Hazırlanan eksik iddianameye bakıldığında gerçeğin bambaşka olduğu da ortaya çıktı. Hayatını kaybeden genç Emrullah Kaplan'a sosyal medyada "Ülkücü şehit" diyerek eşim Çağrı Ünel'e "Ülkücü katili", can gardaşı Sinan Ateş'e de "azmettirici" yakıştırması yapanların elim olaydan sonra kendi aralarında yaptıkları konuşmalarda, hayatını kaybeden Emrullah Kaplan için "bebe", "yazık oldu" gibi sözler söylediği, rahmet bile dilemediği ortaya çıktı. Acımasızlıkları, canilikleri, vicdansızlıkları gözler önüne serildi.

"YARGI ONLAR, HÜKMÜ VEREN ONLAR"

Sinan Ateş'i katledenler eşim Çağrı Ünel'e saldırı emrini verenlerdi.
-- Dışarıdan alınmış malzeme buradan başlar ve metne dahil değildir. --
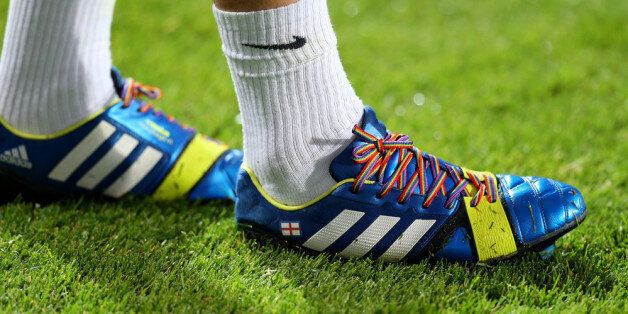 LONDON, ENGLAND - SEPTEMBER 18: Joey Barton of QPR wears rainbow-coloured shoe laces as part of a campaign against homophobia in football during the Sky Bet Championship match between Queens Park Rangers and Brighton & Hove Albion at Loftus Road on September 18, 2013 in London, England. (Photo by Charlie Crowhurst/Getty Images)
Bizim iddianamemizde de hiçbirinin adı geçmedi. Ne Ülkü Ocakları Genel Başkanı Ahmet Yiğit Yıldırım ne Adana Ülkü Ocakları Başkanı Cem Tütsoy ne Ülkü Ocakları Teşkilat Başkanı Ömer Şanlı ne de MHP Mersin Milletvekili Olcay Kılavuz'un adı iddianamemizde yoktu. Dedim ya: Yargı onlar. Hükmü veren onlar.

"EŞİM DE ÖLEBİLİRDİ"

Eşim Çağrı Ünel, üzerinde siyasi baskı kurulan bir yargılamadan sonra 10 yıl ceza aldı. Evet, bir genç öldü. Orada bulunma sebebi yukarıdan aldığı emri yerine getirmek olan bir genç. O değil de diğer 10 kişiden biri hatta eşimin baba yadigarı silahı olmasaydı belkii eşim’de öle bilirdi. Olay anı görüntülerini izleyenler ne demek istediğimi anlayacaktır. Yere düşmesine rağmen vurmaya, bıçak sallamaya devam ettiklerini hatta yerde dövülen eşimin kenardan telefonla kamera kaydının alınmasını izleyenler bana hak verecektir. Peki, o zaman ne olacaktı? Eminim ki Sinan Ateş'in katledilmesinde olduğu gibi üzeri örtülmek için her şey yapılacaktı.

"ÜLKÜ OCAKLARI VE MHP'YE SIZMIŞ GÖZÜ KARARMIŞ BİR ÖRGÜT VAR"

Karşımızda yargıda, emniyette arkası olan, eski MİT üyelerini hizmetinde tutan; eşim Çağrı Ünel'in ömrünü adadığı Ülkü Ocakları ve MHP'ye sızmış, gözü kararmış bir örgüt var. İşledikleri bu suçlar sadece bizim başımıza gelenler. Allah bilir ya, bugüne kadar bilmem kaç kişinin daha canını yakmış, hayatını karartmışlardır.